Take the listing below and print exactly the lines starting at the line containing "Velvet Tote Bag" and ending at the line containing "روستایی که از", both ends included, and no others.

Information provided:
########################################
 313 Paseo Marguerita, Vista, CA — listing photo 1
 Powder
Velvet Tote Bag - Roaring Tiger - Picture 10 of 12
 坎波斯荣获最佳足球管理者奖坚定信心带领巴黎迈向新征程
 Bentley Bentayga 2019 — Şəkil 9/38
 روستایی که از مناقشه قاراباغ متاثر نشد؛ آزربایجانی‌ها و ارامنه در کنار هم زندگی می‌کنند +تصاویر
########################################
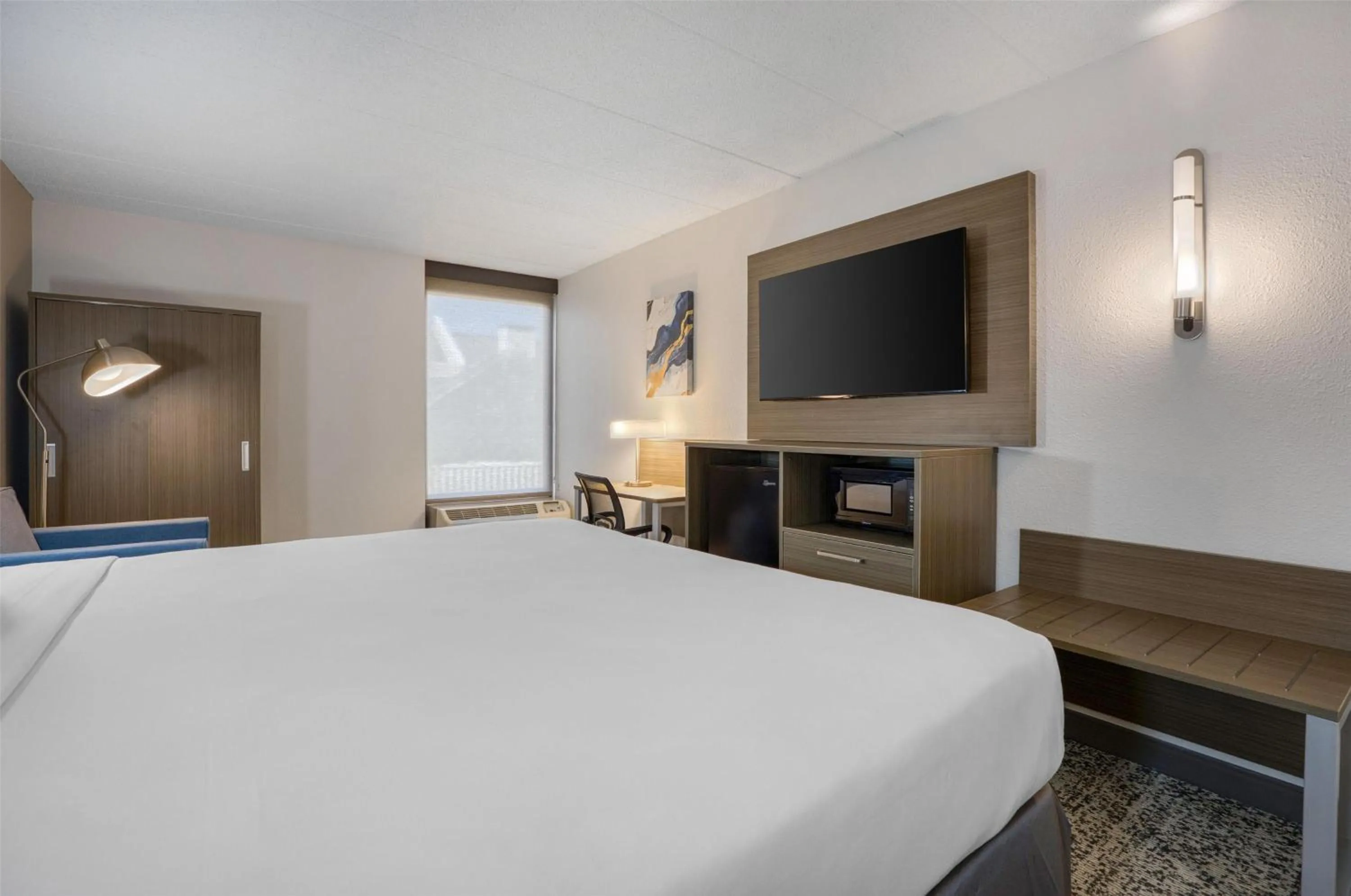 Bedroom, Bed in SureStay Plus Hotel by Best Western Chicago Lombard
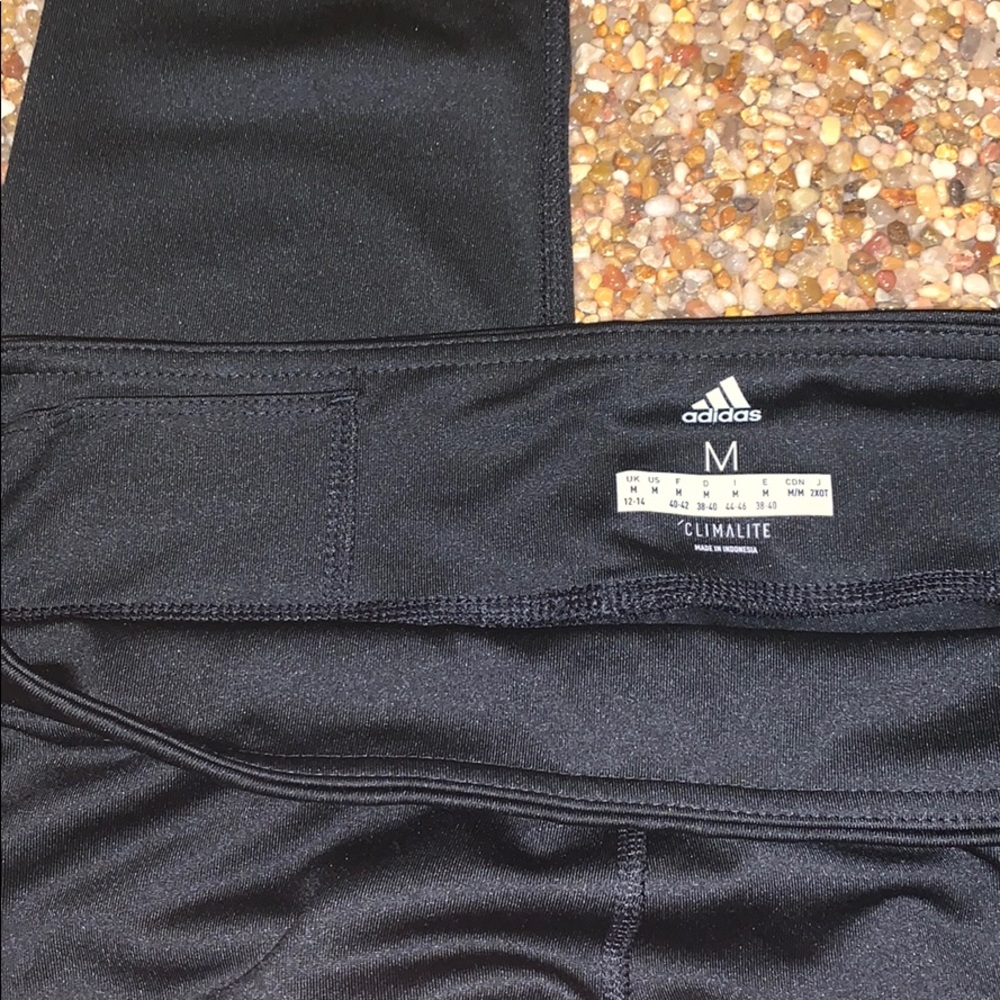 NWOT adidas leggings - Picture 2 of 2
########################################
Exercise output:
Velvet Tote Bag - Roaring Tiger - Picture 10 of 12
 坎波斯荣获最佳足球管理者奖坚定信心带领巴黎迈向新征程
 Bentley Bentayga 2019 — Şəkil 9/38
 روستایی که از مناقشه قاراباغ متاثر نشد؛ آزربایجانی‌ها و ارامنه در کنار هم زندگی می‌کنند +تصاویر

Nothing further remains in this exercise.